Spring is in the Air.

All the Flowers of the Spring
Meet to perfume our burying:
These have but their growing prime,
And man does flourish but his time.
Survey our progresse from our birth—
We are set, we grow, we turne to earth.
Courts adieu, and all delights,
All bewitching appetites!
Sweetest Breath and clearest eye
Like perfumes goe out and dye;
And consequently this is done
As shadowes wait upon the Sunne.
Vaine the ambition of Kings
Who seeke by trophies and dead things
To leave a living name behind,
And weave but nets to catch the wind.


Vanitas Vanitatum, above, from The Devil's Law Case by John Webster, neatly sums up the blossoming of early Spring and the vanity of humanity. Webster was a contemporary of Shakespeare and performed his plays not in the Globe but in the less well known Red Bull theatre as well as the quite upmarket indoor Blackfriars Theatre, which was probably near Saint Andrew by the Wardrobe and the present day Cockpit Pub, which is of passing interest if you happen by that way. Vanitas Vanitatum translates as 'vanity of vanities' and refers in this context to the vanity of earthly monuments and the pride of rulers and particularly the transient nature of things. This latter always occurs to me each year near the beginning of Spring as I put the rose lectern fall out, the only part of a High Mass set left from the Sisters at Haggerston who have themselves left their once great convent. Everything moves on, from one Spring to the next and to be planning moving on myself as the trees begin to bud and the early flowers burst into life is serene, at least it would be if I had not been up since five this morning painting my bedroom wall.

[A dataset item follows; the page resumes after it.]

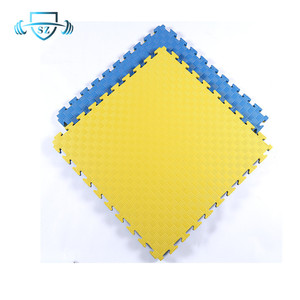 Tapis de gymnastique flexible en mousse pour la pratique du taekwondo, tapis de gymnastique pour le salon, avec certificat CE, vente en gros - Product Image 3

As I drove through the southern part of the centre of Manchester on Monday, the first day of Spring, the sun was shining brightly from a cloudless sky, silhouetting this bar, the Knott Bar, which is built into a railway arch on Deansgate, by the start of Castlefield. Castlefield is an area once home to heavy industry, canals and railway lines stacked up on to of each other, but which now has been heavily gentrified and is too expensive for your scribe. Nice to walk around though, on a sunny Sunday afternoon. The Church you see above is the only one there, the Roman fort still remains, as do the symbols of industry, but the Church lies empty, once home to a record company which changed Manchester's fortunes. The great God money reigns in Castlefield, but then I should stop moaning.

A gratuitous picture of Deansgate in the Spring morning sun.


And on the first day of Spring, some hardy souls were sitting outside the bars having their lunch al fresco. Not many of them and they all had hats on, but like the cuckoo, they are another sign that Spring has sprung.